Muscle Tightness: Why It’s a Problem

by | Jul 17, 2016 | Pain & Performance

Muscle tightness, a common “cause” of pain, is typically just a reflexive response as our body finds new ways to move in order to cheat around the real problem. Understanding fascial adhesions, or scar tissue, and its roll in performance and injury is extremely important and often overlooked. Fascial adhesions are tough, dense, and bind tissues together that need to slide freely. Lets first look at the 3 causes of fascial adhesions or scar tissue.

1) Acute injuries (pulls, tears, collisions, etc.)

When most people think of scar tissue, acute injuries are what come to mind. Ankle sprains, rotator cuff or MCL tears, and surgery will all lead to scar tissue formation and possibly future issues.

2) Accumulation of small tears (micro-trauma)

Sports injuries typically fall into this category. Any repetitive motion whether it’s sport specific such as throwing a ball and running, or labor related such as raking and turning a wrench will cause minor trauma to the tissues. As the tissues heal a small amount of scar tissue will form. Performed regularly enough you’ll accumulate enough scar tissue to become a nagging pain at best or set you up for an acute injury.

3) Not enough oxygen (hypoxia)

This is the most overlooked cause of muscle tightness. For tissues to stay healthy they need a constant supply of blood. Blood is what carries oxygen and nutrients to your tissues and takes away waste products. Think of your muscles like a sponge. As you squeeze and release, it draws water in and out of the sponge. Your muscles are designed to do the same thing as you move; drawing in fresh oxygen and nutrients and pushing out waste.
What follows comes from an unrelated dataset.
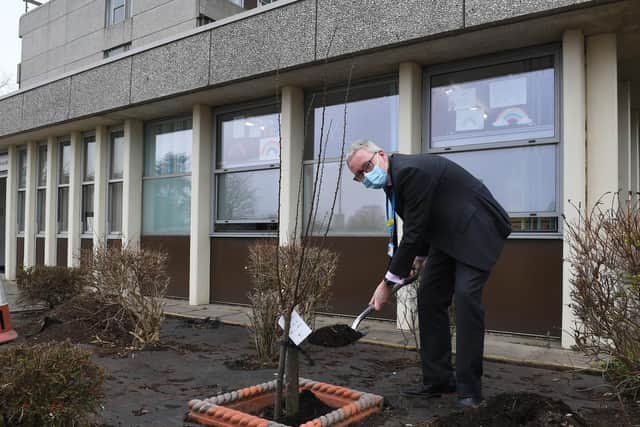 Mr Morgan plants a tree at Boston Pilgrim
Think about this concept next time you’re stuck at your desk all day. Notice how your glutes are compressed against the chair seat, your upper body is rounded forward causing back and neck muscles to stretch like a wrung out rag, your forearm is burning from the constant grip of the mouse or some other tool. Not a lot of fresh blood being drawn into your muscles is there?

Scar tissue cycle

Muscle Tightness is a big deal.

Your body is a precision machine made up of multiple layers of muscle, each with its own action and line of pull to help you optimally perform tasks. But what would happen if you dripped a glob of glue (i.e. scar tissue) on a muscle?
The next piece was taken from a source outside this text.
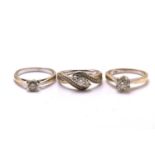 Three diamond rings in yellow gold, one consisting of a round brilliant diamond with an estimated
Not only would it limit the performance of that muscle to contract or stretch, it would also invade the layers around it. Now muscles, nerves, and blood vessels that were meant to glide past each other to perform optimally are all anchored together. To make matters worse, you might subconsciously adopt movement patterns that avoid this problem completely leading to a secondary overuse injury.

Meet Holly.

Lets look at a common example. Holly is your typical desk jockey / running fanatic. Like most, Holly spends the majority of her day at her desk hunched over a computer.

Holly’s main concern is she is training for a marathon but has to stop at the 6 mile mark due to severe IT band pain. Your sciatic nerve runs between some deep muscles in your butt and down the middle of your hamstring. Because Holly sits most of the day, hers has become stuck to her hamstring.
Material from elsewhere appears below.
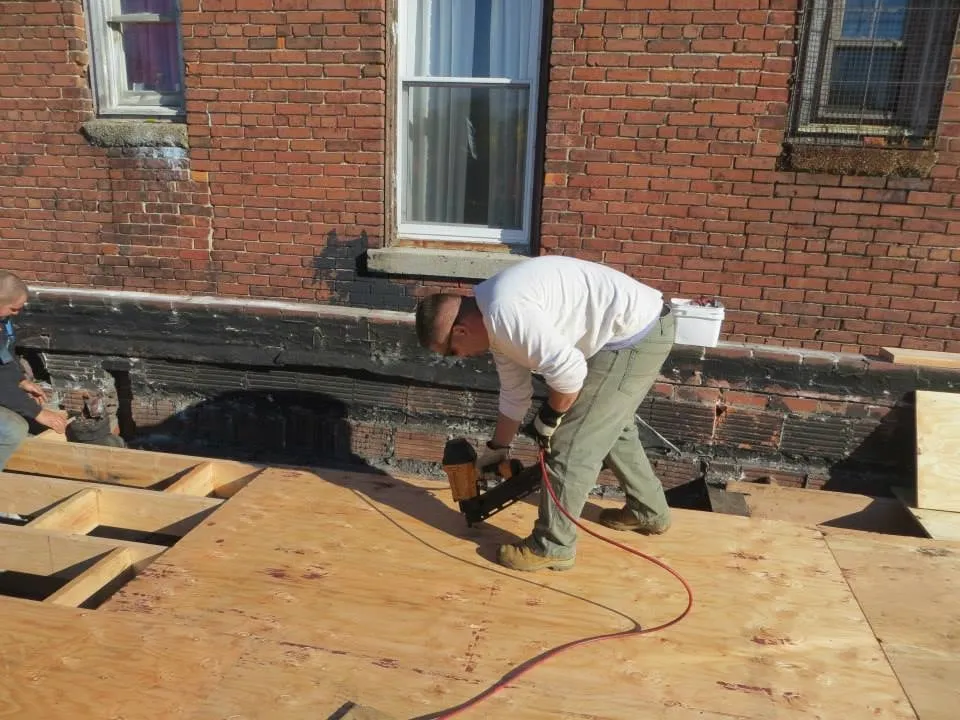 Slide of Naples Roofing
Now every time her hamstring contracts it pulls on the sciatic nerve, but not enough to cause sciatic pain down the back of her leg. Your hamstring is the most important knee stabilizer, especially while running. Holly’s hamstring and attached sciatic nerve is able to deal with the abuse for awhile but once mile 6 comes along enough is enough.

As her hamstring struggles to do its job of knee stabilization, other secondary stabilizers try to perform more than their intended share of the load. Secondary knee stabilizers such as the quads, gastrocnemius, and in Holly’s case… IT band.

Advanced diagnosis & treatment.

The first step in fixing your problem is performing a Selective Functional Movement Assessment, or SFMA. Often times the root of your problem isn’t limited to one tissue. It’s usually a collection of issues in the region that all tend to feed each other. The SFMA helps us get a better idea of how wide spread your problem is so we don’t unintentionally narrow our search too much.

Next we search for and treat specific fascial adhesions and joint restrictions that are causing your dysfunctional movement patterns, tightness, and pain. Fascial adhesions respond best to Active Release Technique and Graston Technique while joint restrictions would require a chiropractic adjustment or some form of joint mobilization.

Active Release Technique and Graston Technique are both advanced systems of diagnosis and manual treatment for soft tissue problems resulting from sports injuries, postural strain, and general wear and tear.